The International Monetary Fund raised its forecast for global economic growth in 2026 to 3.2% in its World Economic Outlook published on Tuesday, an upward revision of 0.1 percentage point from January’s assessment, citing stronger-than-expected performance in major emerging market economies including India, Indonesia and Brazil. However, the Fund issued stern warnings about the risks posed by increasing trade fragmentation, geopolitical tensions and the potential for financial market volatility triggered by divergent monetary policy paths across the major economies.
IMF chief economist Pierre-Olivier Gourinchas, presenting the report at a press conference in Washington, described the global economy as being in a state of “cautious equilibrium.” Growth was continuing, he noted, but it remained below the pre-pandemic trend rate and was increasingly concentrated in Asia, while advanced economies in Europe and North America faced a more challenging environment characterised by subdued investment, elevated debt levels and the ongoing adjustment from the post-pandemic inflation surge.
The United States was forecast to grow by 2.7% in 2026, revised upward by 0.2 percentage points from the January forecast, reflecting continued consumer spending resilience and strong performance in the technology sector.
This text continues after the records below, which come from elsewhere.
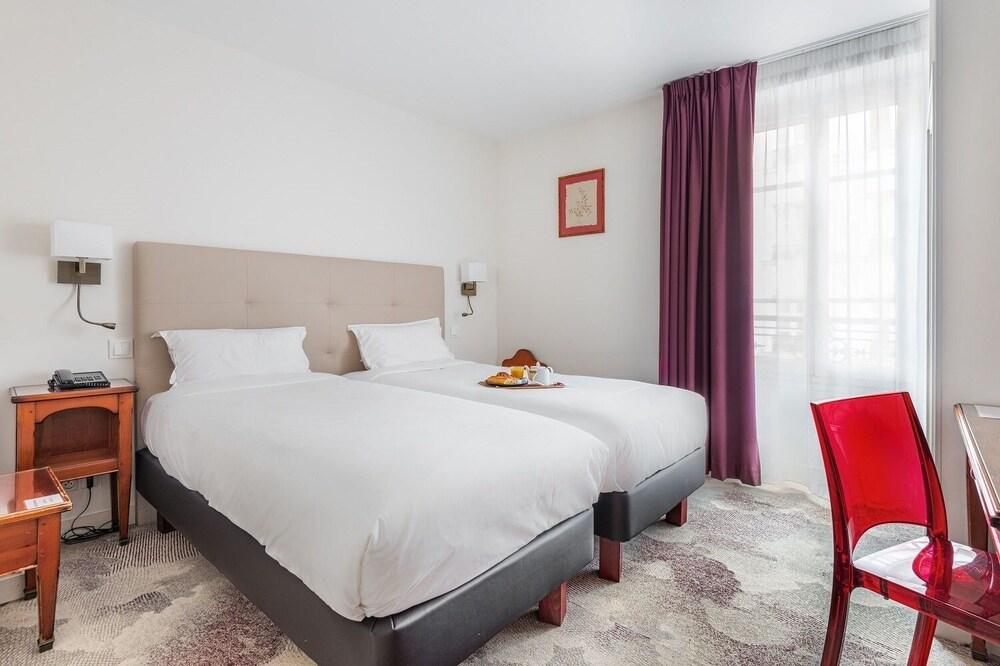 Courcelles Médéric Room Type - Twin Room
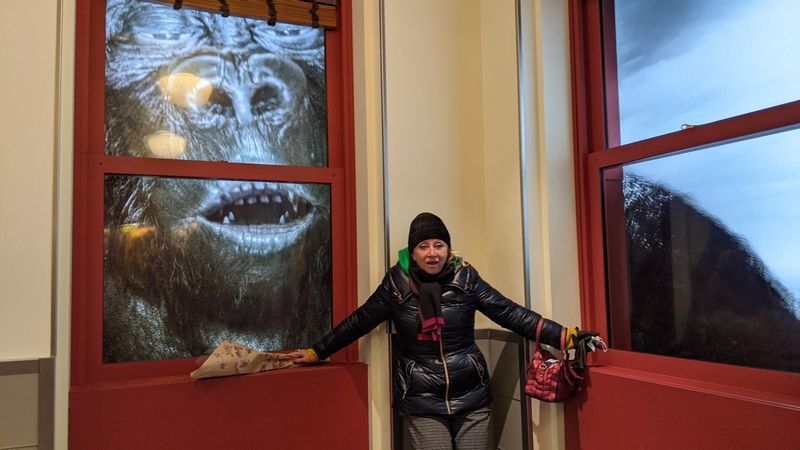 New Jersey Private Tour - My guest was startled by King Kong at the Empire State Building 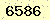 請輸入此驗證碼 : 6586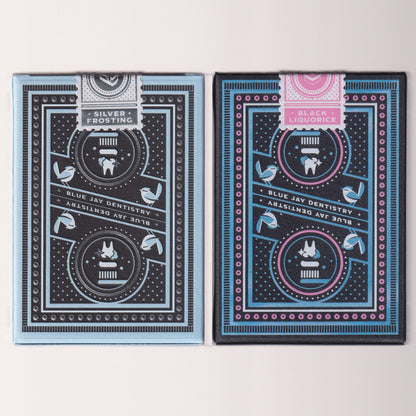 Blue Jay Dentistry Gilded Pair [AUCTION]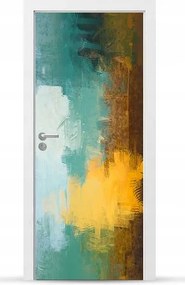 Furnér Kültéri Ajtó matrica Bútor öntapadós Könnyű Ragasztás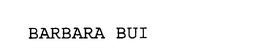 BARBARA BUI trademark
However, the Fund cautioned that the US administration’s tariff measures, which came into force in February 2026 and cover a broad range of goods imported from China, Europe and other trading partners, represented a significant downside risk to the global outlook if they were met with retaliatory action or prompted a broader retreat from multilateral trading arrangements.
The Euro area was forecast to grow by 1.1%, broadly unchanged from the January projection, with Germany continuing to struggle with the structural adjustment of its manufacturing-heavy economy to a world of higher energy costs and intensifying Chinese competition in key export markets. France and Spain performed more robustly, supported by strong tourism revenues and resilient domestic consumption, partially offsetting the drag from Germany.
China’s growth forecast was revised down marginally to 4.4%, reflecting continued weakness in the property sector and softer domestic consumption, despite significant government fiscal stimulus announced in the spring. The Fund noted that China’s structural transition from investment-led to consumption-driven growth remained incomplete and continued to pose risks to both the Chinese economy and global commodity markets.
For the United Kingdom, the IMF revised its 2026 growth forecast up to 1.5% following the strong first-quarter GDP data, though it cautioned that the forecast remained subject to significant uncertainty given the UK’s exposure to both US tariff policy and the pace of the domestic monetary easing cycle.